As a monk and later a priest, we have come to know Merton as one of the most influential proponents of the contemplation, silence, and solitude. But he was someone who struggled all his life with the conflict between his gifts and genuine calling as a writer — someone who worked with words and had a great desire to share them – and an equally strong call to deeper and deeper silence. Even though he lived in a silent order in a Kentucky monastery, it was the time of the Cold War, the nuclear arms race and the struggle for civil rights, and Merton felt these great disturbances just as keenly as we do the problems of our own times.

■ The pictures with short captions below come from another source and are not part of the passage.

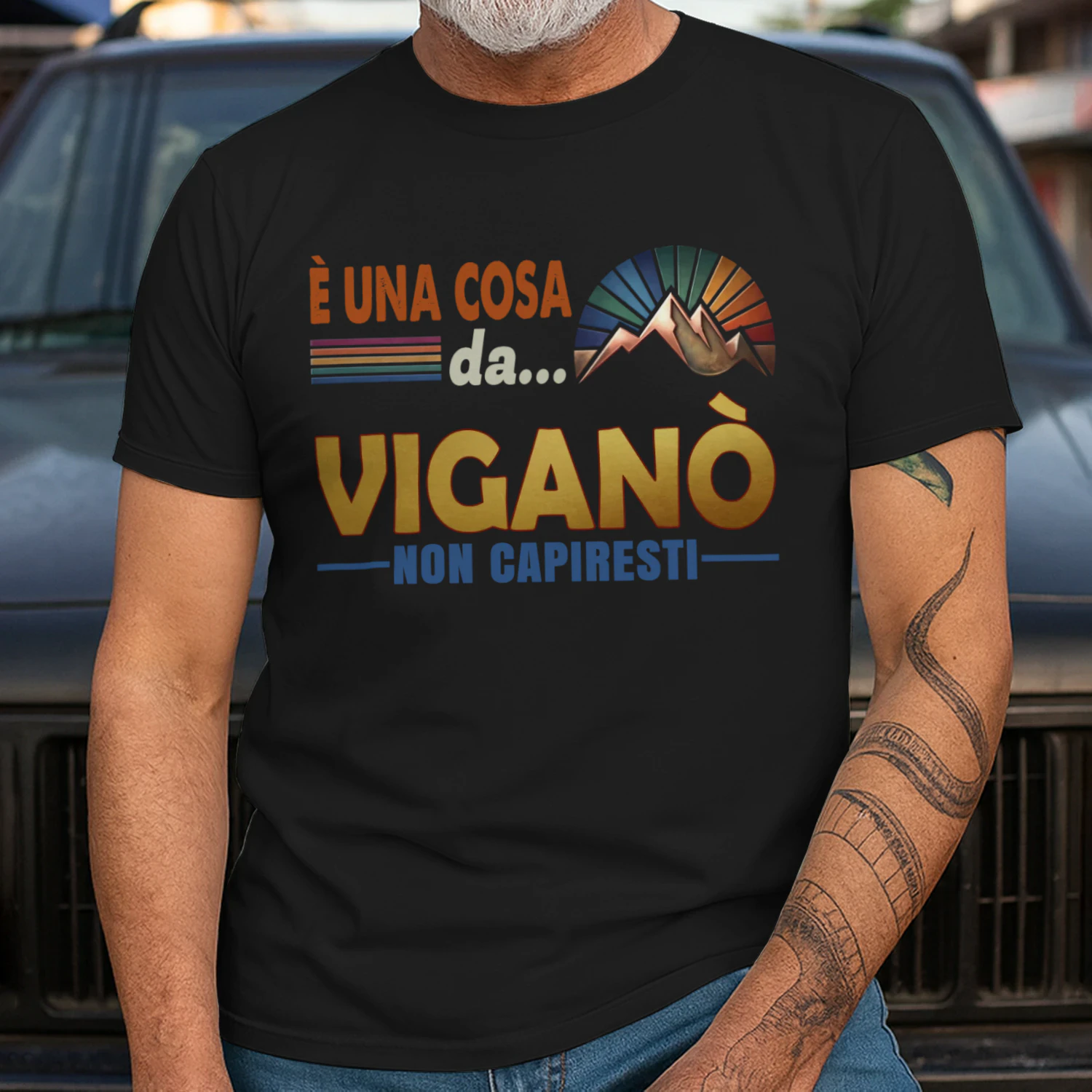 vigano-cit133-cit0915
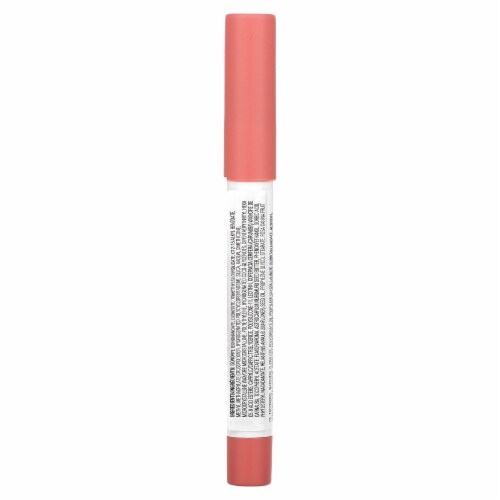 Physicians Formula® Rose All Day Lipstick - I Do Perspective: back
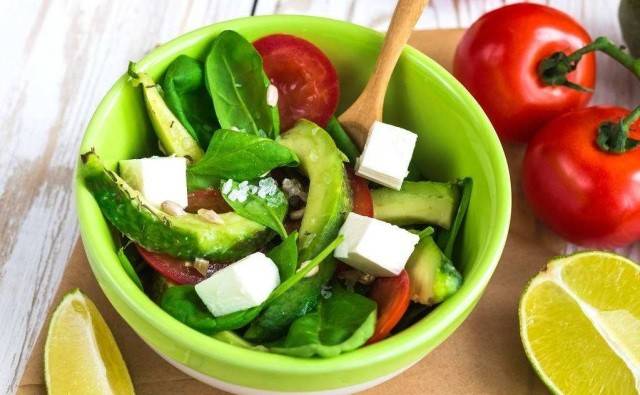 三亿体育手机版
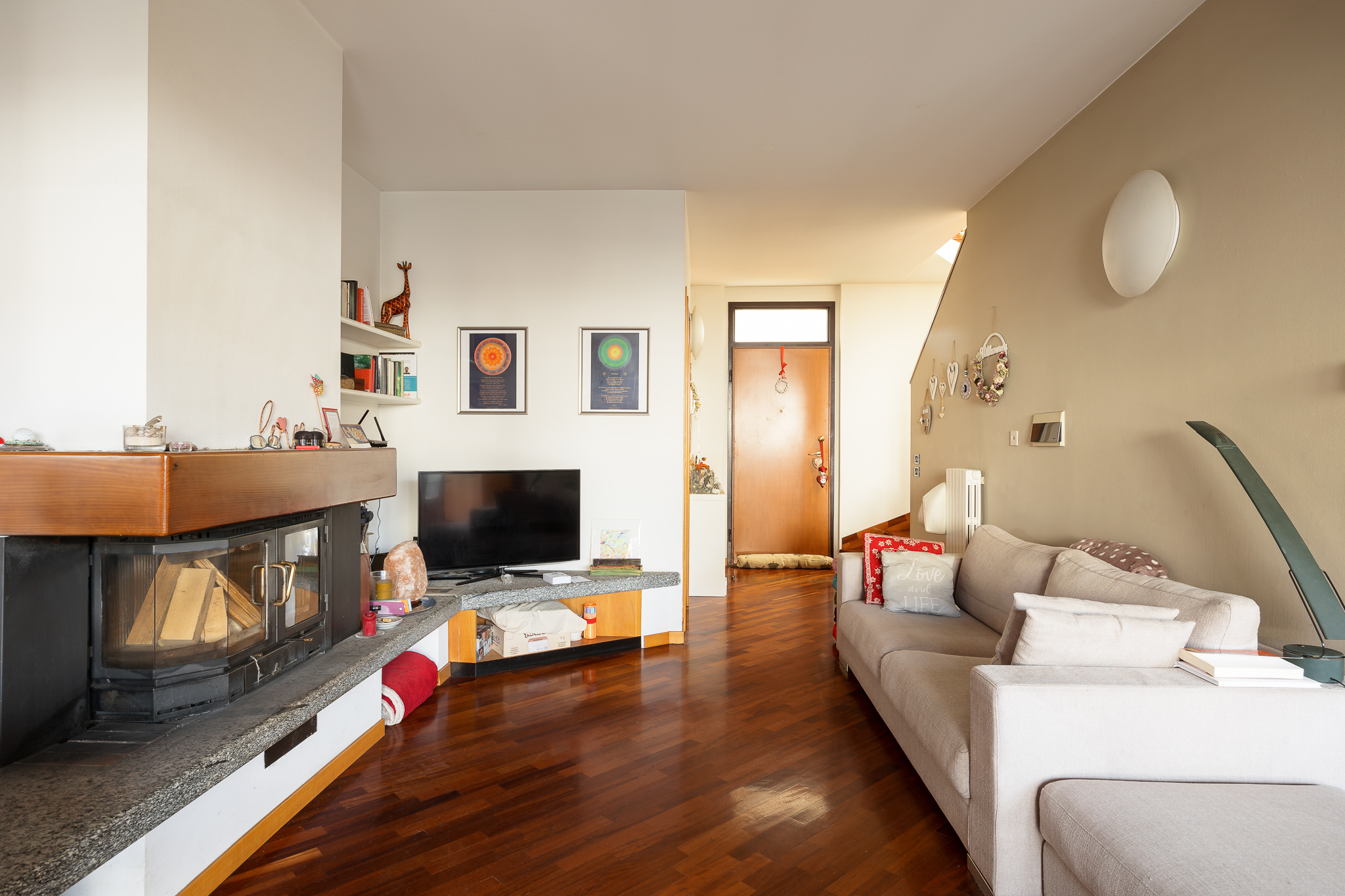 property_gallery_img_11713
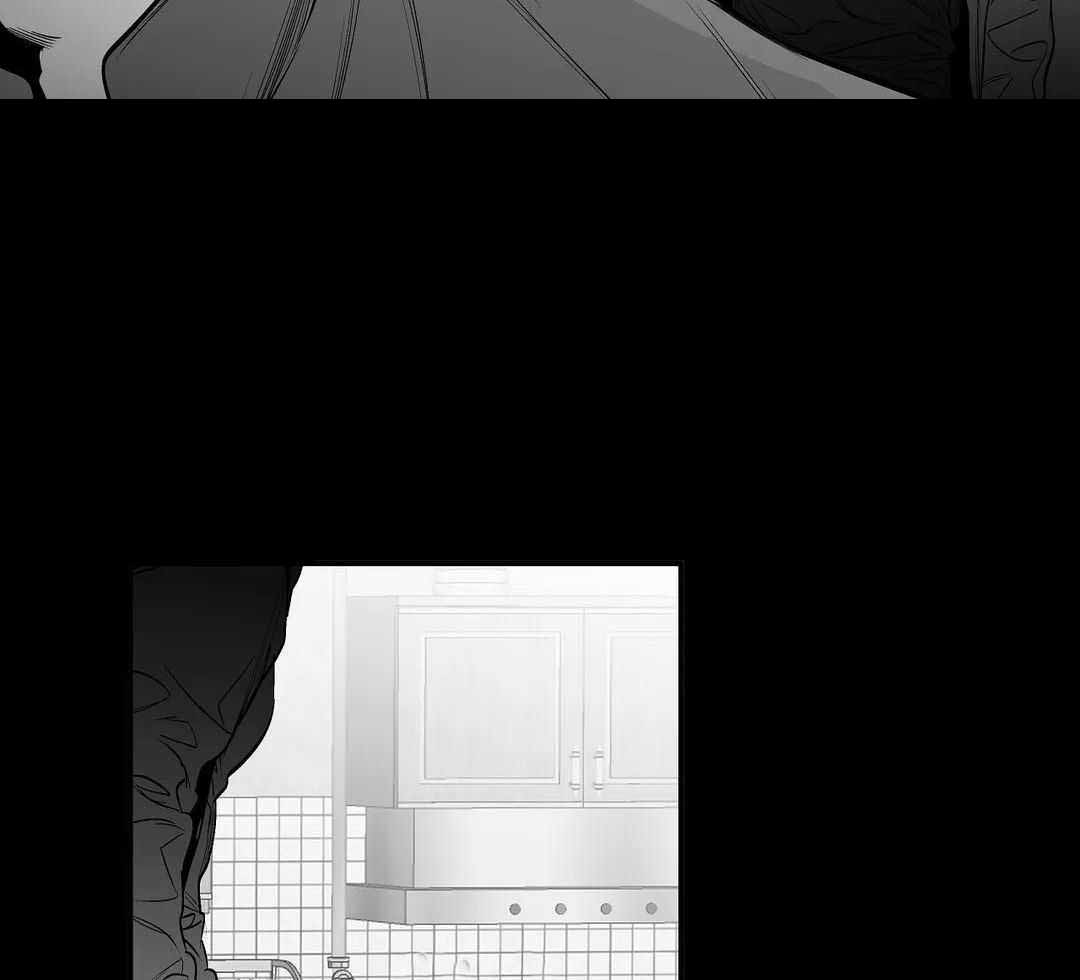 《不走路的腿》漫画最新章节第179话免费下拉式在线观看章节第【26】张图片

I’ve read nearly all of his books, including his journals, and what strikes me the most is how he grew into “the courage to become more and more silent.” By this I do not mean that he failed to speak out about politics, war, non-violence, consumerism, the secularization and growing noisiness of everything, the great need for quiet and stepping-away, the danger of losing our humanity. But those words came out of his experience of deep and profound silence. He does not implore God to come and save us, but for us to learn the wisdom to know who we really are, and thereby save ourselves from ourselves.
Because I am a writer myself, Merton’s story and struggles have often struck home. For whom do I speak? For whom do I write? How much of my dependence on words comes from pride and the desire to impress other human beings — even in prayer? Right now, in the very middle of Lent, is a good time for me to listen intently to John Main’s comment, “In order to enter into this holy and mysterious communion with the Word of God dwelling within us, we must first have the courage to become more and more silent.”
The courage to become more and more silent means, first of all, having faith that we can actually meet God in silence and that He knows our needs before we ask. Do we really believe this? And second, it means having the courage to closely examine our reasons for using words in the first place.
Merton writes: “There are many declarations made only because we think other people are expecting us to make them. The silence of God should teach us when to speak and when not to speak. But we cannot bear the thought of that silence, lest it cost us the trust and respect of others.”